If we are not failing enough, we are not trying hard enough.

Tuesday, April 7, 2009

quote of the day

Thanks to Lisa Camp for this quotation from the Buddha. It ties directly to yesterday's blog:

"Your work is to discover your world, and then with all your heart give yourself to it."

Monday, April 6, 2009

The Pursuit of Excellence

A very fine traditional school has launched a new initiative.

In the future the school aspires to "help students learn to make constructive use of the pressures that often accompany the pursuit of excellence.”

"Curiouser and curiouser," said Alice.

Tom Peters wrote the book The Pursuit of Excellence, so it must be an idea imbedded in our corporate identity. And I remember the aphorism, "Anything worth doing is worth doing well."

I think about my own goals as a parent and as a teacher. I certainly want to encourage excellence. However, I would rather that young people be able to answer the question, "What are you passionate about?"

It would be rather odd if a student said in anwer to that question, "the pursuit of excellence."

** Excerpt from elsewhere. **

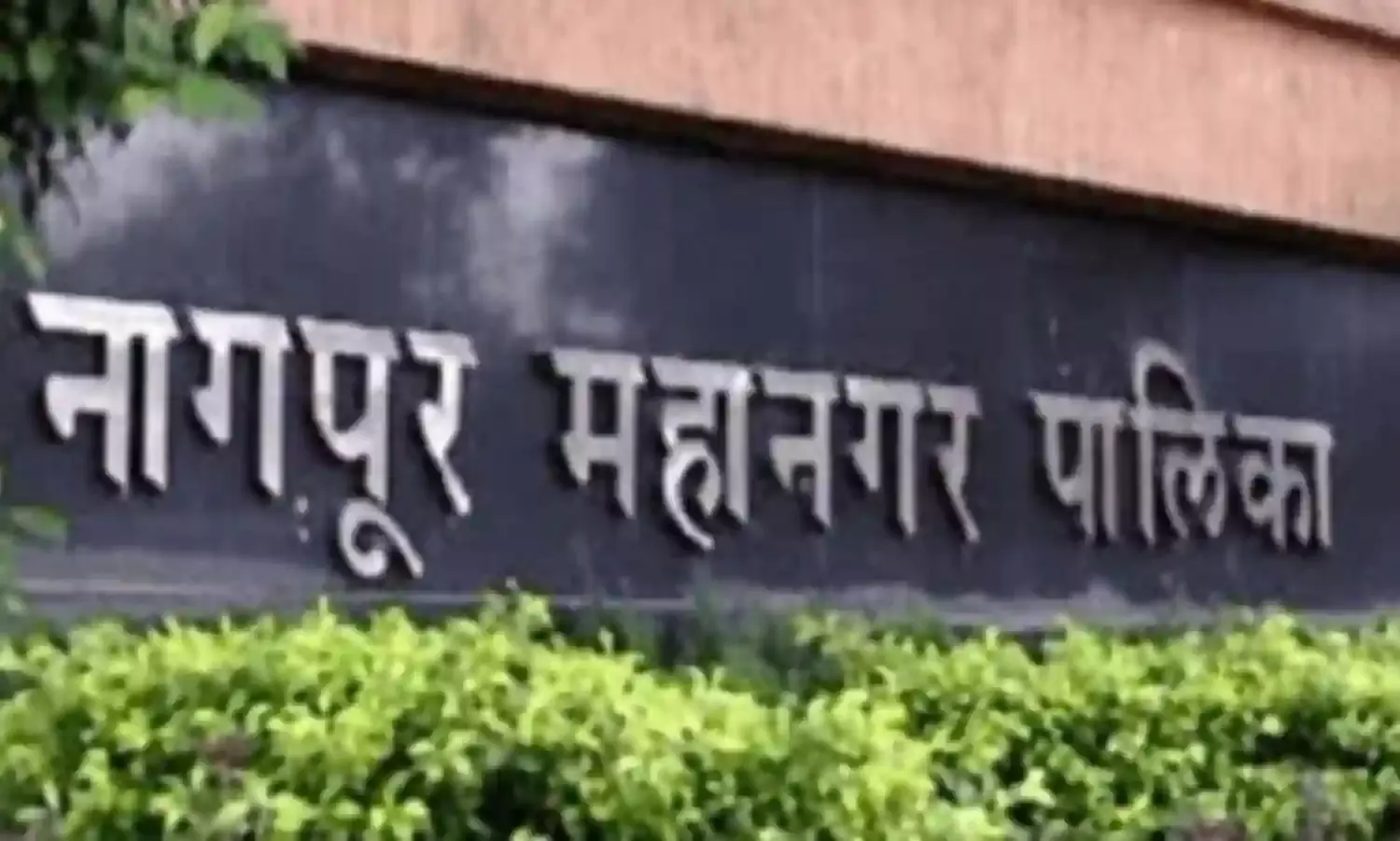 उपराजधानी में करीब 320 प्रतिमाएं और 5221 घट विसर्जन हुए, दीक्षाभूमि से निकला 57 टन कचरा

At our last alumni night, high school students and college students spoke about their interests, their majors, their future careers. Not everyone had an answer, but those who were still searching said something like: "I'm interested in music and physics, and also history--well, really, so many things. I haven't decided yet what I'm going to do." At least there is interest! They simply have not committed yet to a narrow focus. (Reminds me of Robert Lewis Stevenson's dedication to A Child's Garden of Verse: "The world is so full of a number of things, I think we should all be as happy as kings.")

Among those clear about their goals was a high school senior who wants to do work in microbiology. That's worth doing, and it's worth doing well.

I would suggest an alternative to the pursuit of excellence: Pursue your passion excellently. The passion comes first.